**Data block**
============

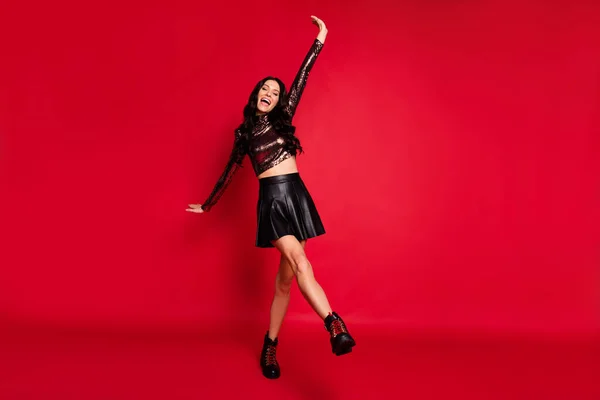 Повна довжина фотографії дівчини танець підняти руки носять глянцевий верхній шкіряний короткий спідничний взуття ізольований червоний колір фону — стокове фото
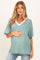 woman wearing a green striped maternity top with a v-neck and pocket, highlighting her baby bump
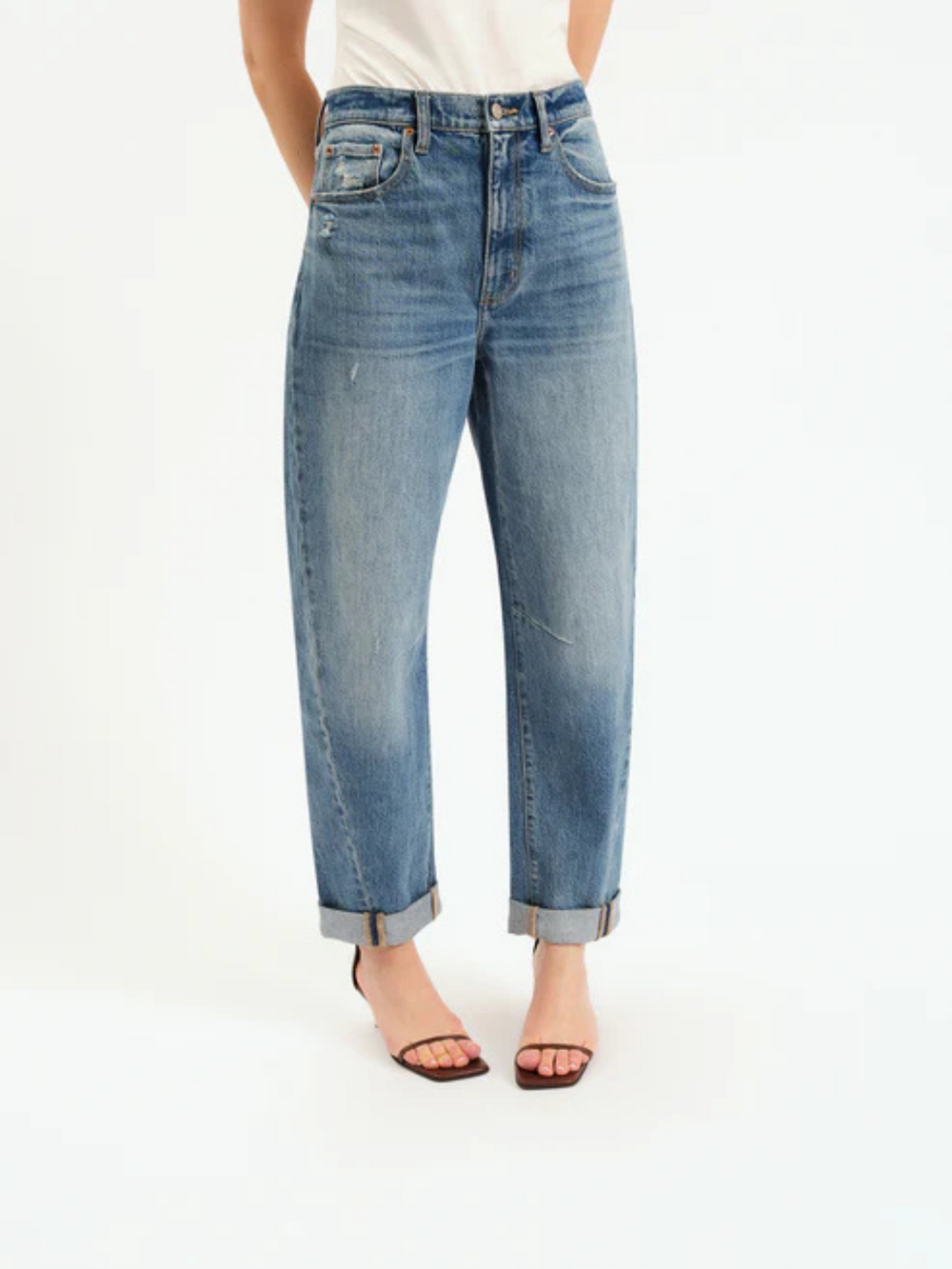 DAZE DENIM - Venice Barrel Leg jeans with high rise and pre-rolled cuffs on blue denim model.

============

**Required action**
Transcribe the preceding listing in its entirety and with exact wording, leaving out pictures.

**Task answer**
 Повна довжина фотографії дівчини танець підняти руки носять глянцевий верхній шкіряний короткий спідничний взуття ізольований червоний колір фону — стокове фото
 woman wearing a green striped maternity top with a v-neck and pocket, highlighting her baby bump
 DAZE DENIM - Venice Barrel Leg jeans with high rise and pre-rolled cuffs on blue denim model.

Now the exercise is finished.